I tried potters clay a few years ago and it would not stick by itself. Never tried adding anything to it. I'd give it a try with the ash and sand in it and see if it does work.
 
I have used furnace cement that I got at an Ace Hardware for a few bucks. Thin it with water and it works decent.


-Xander
 
Your clay may not be your biggest issue. A small forge that heats fast isn't a good HT choice for hyper-eutectoid steel and trying for a hamon.
 
As far as the clay, in Japan (and I'm no expert) the smiths would mix various clays and ash and things for different areas of the sword, to achieve what they wanted -- I assume by many years of trial and error and skills being passed down in generations. Experimentation is never a bad thing, though I can't give you any specifics about the clay.
 
Your clay may not be your biggest issue. A small forge that heats fast isn't a good HT choice for hyper-eutectoid steel and trying for a hamon.

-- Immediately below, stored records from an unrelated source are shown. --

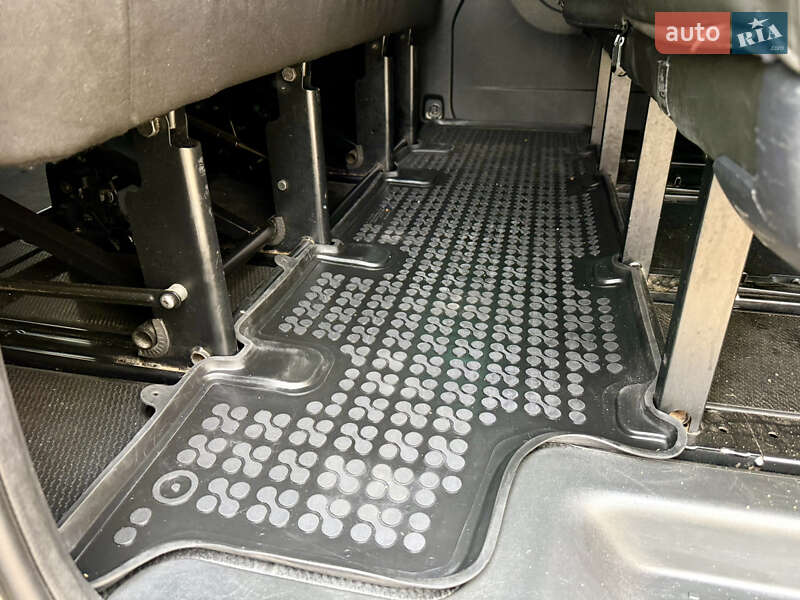 Минивэн Opel Vivaro 2015 в Черновцах фото 21 Минивэн Opel Vivaro 2015 в Черновцах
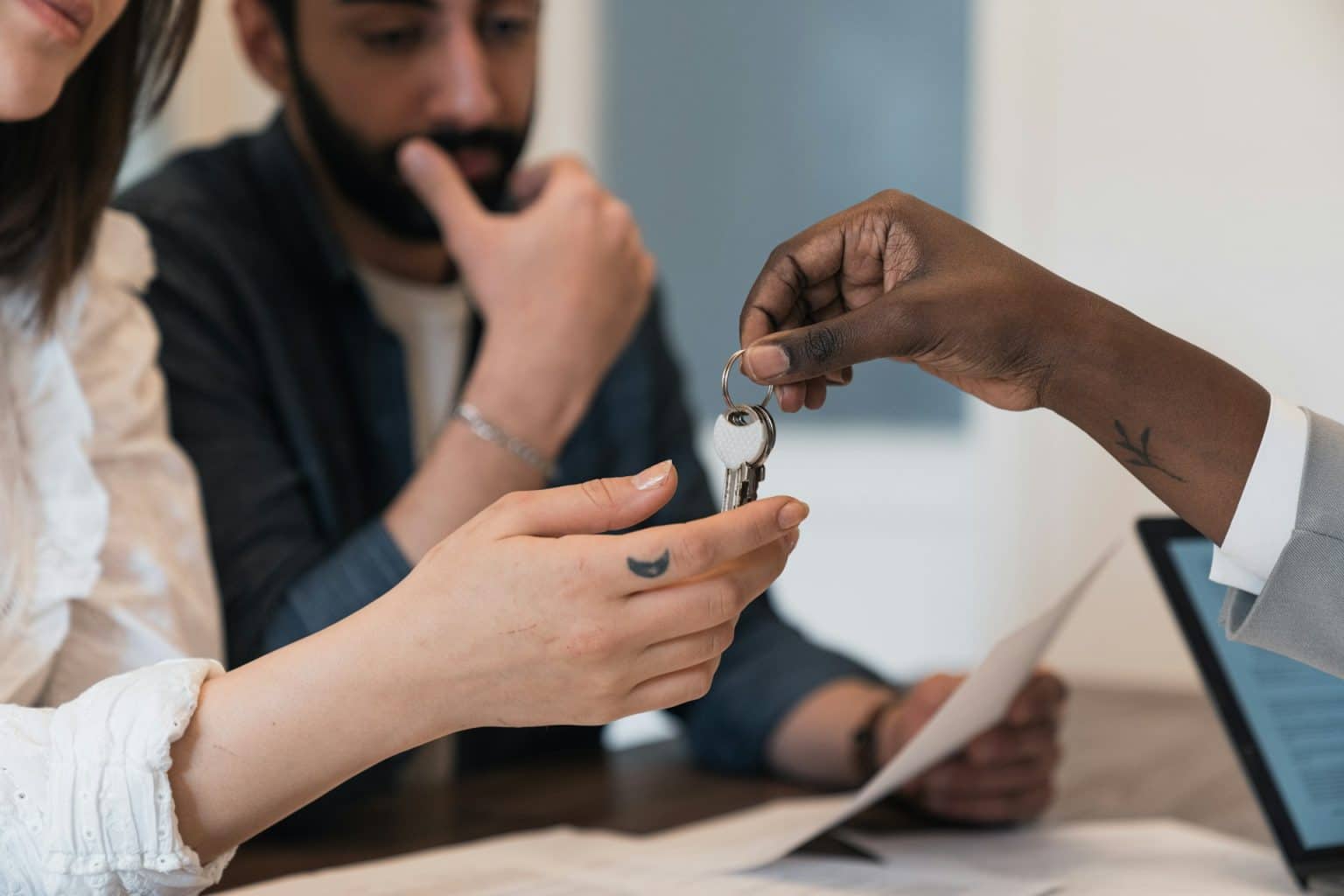 10 Things Great Estate Agents Do Differently in a Tough Market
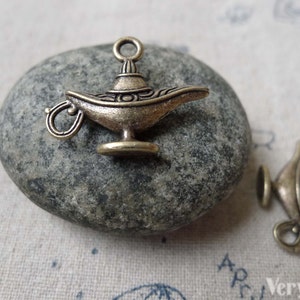 20 Stück antike Bronze Lampe Charms 18x22mm A6787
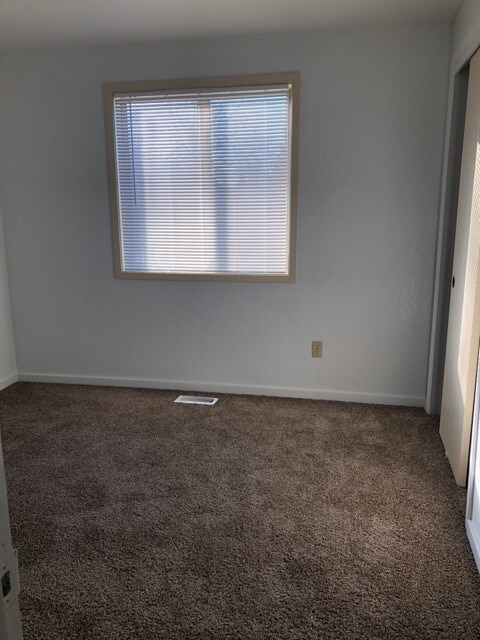 Building Photo - 3047 N Linda Vista Ln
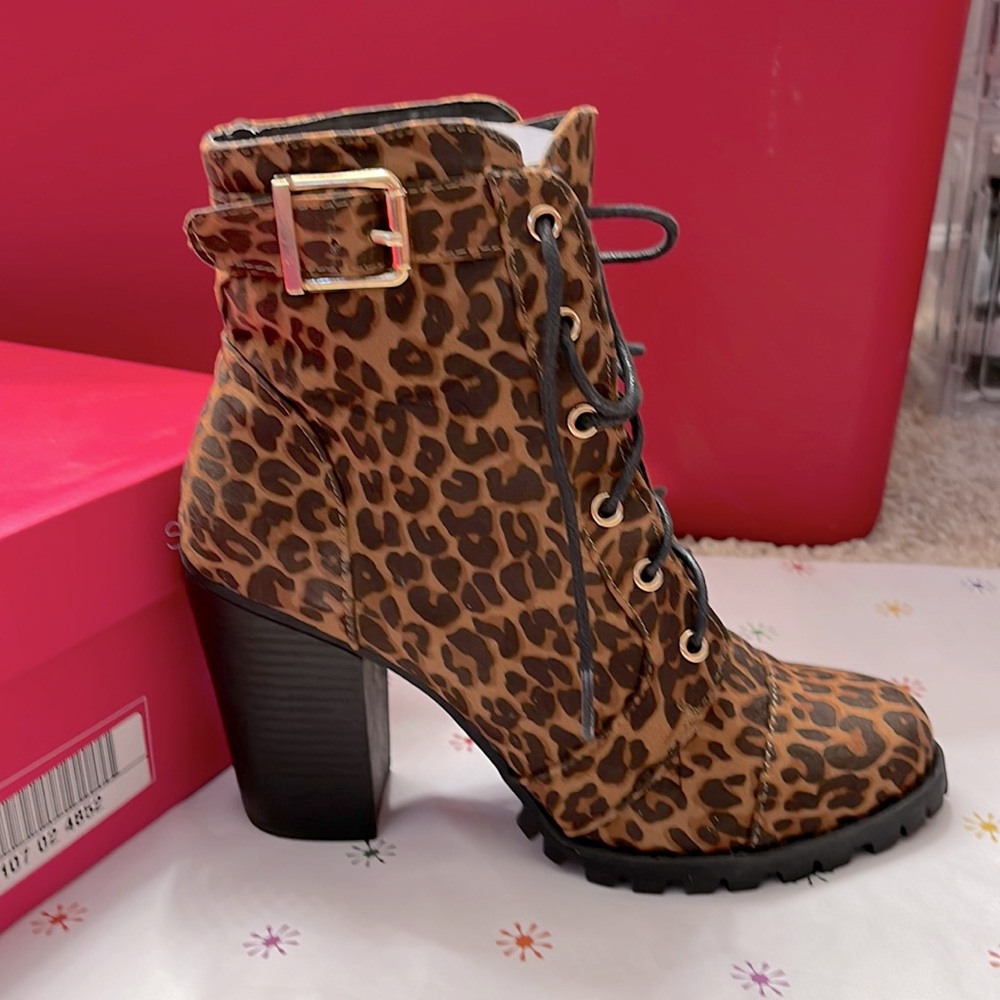 Cute leopard booties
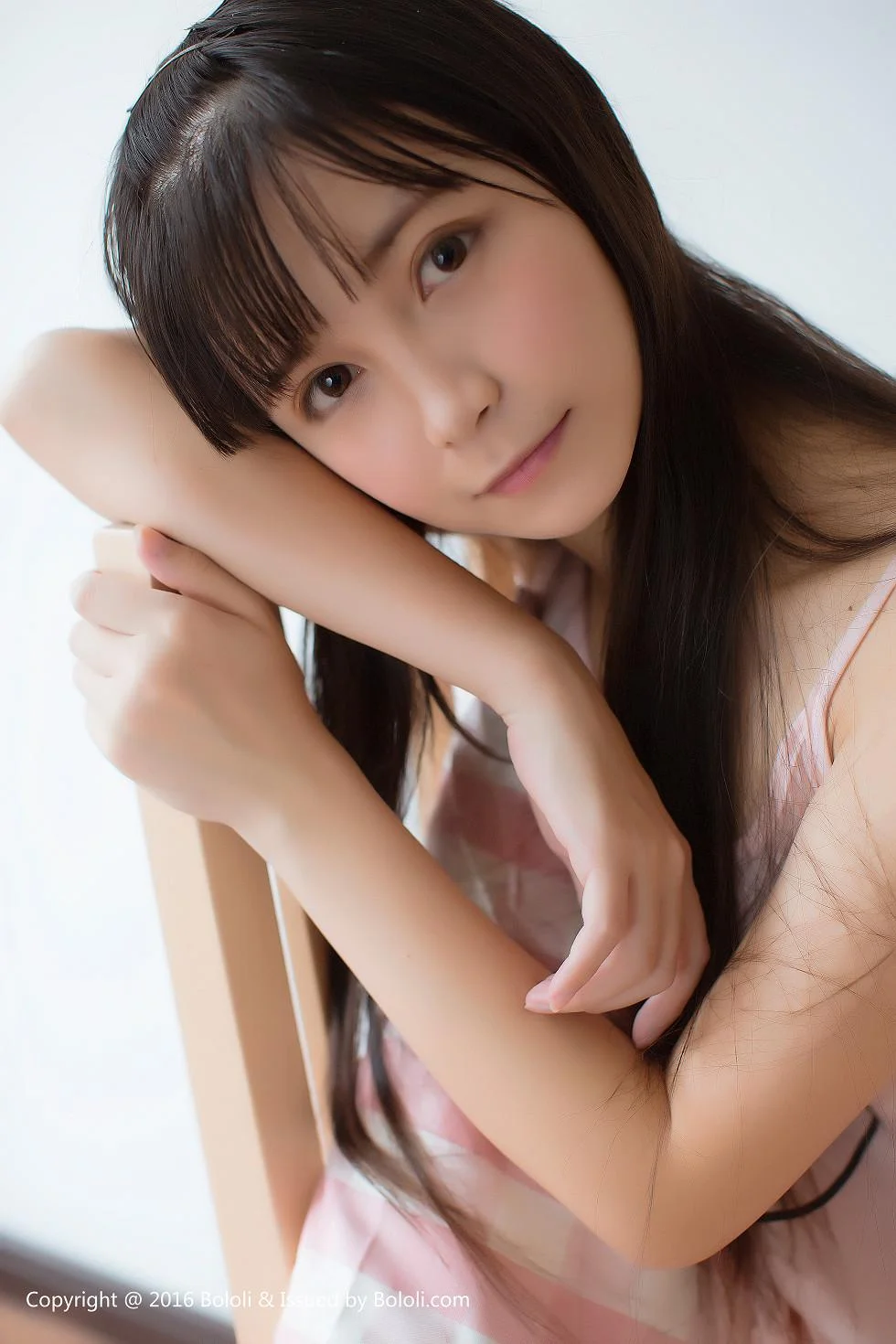 美少女鱼丸居家私房粉色卡通睡衣小女友视角迷人写真 第 26 张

I can somewhat control the heat. it is a 3 torch mini forge with map gas, but I can use a 2 burner configuration with propane for a lower heat. but I thought you wanted to heat it pretty fast do the steel under the clay doesnt reach the full 1400 degrees?? or is it more for the quench??
 
Not to be short on the answer, but you need to read up and understand the reason and procedures for a clay coat. It isn't to insulate the spine from coming up the austenite. It is there to slow down the cooling in the quench, so the spine becomes pearlite and the edge becomes martensite. The whole blade needs to be very evenly heated to about 1500F and quenched in a fast quenchant ( usually water or parks#50). If the heat isn't even, the blade may crack and break into pieces ( which it may do in a clay coated quench even if everything is right).

The process is called yaki-ire - try some searches on that.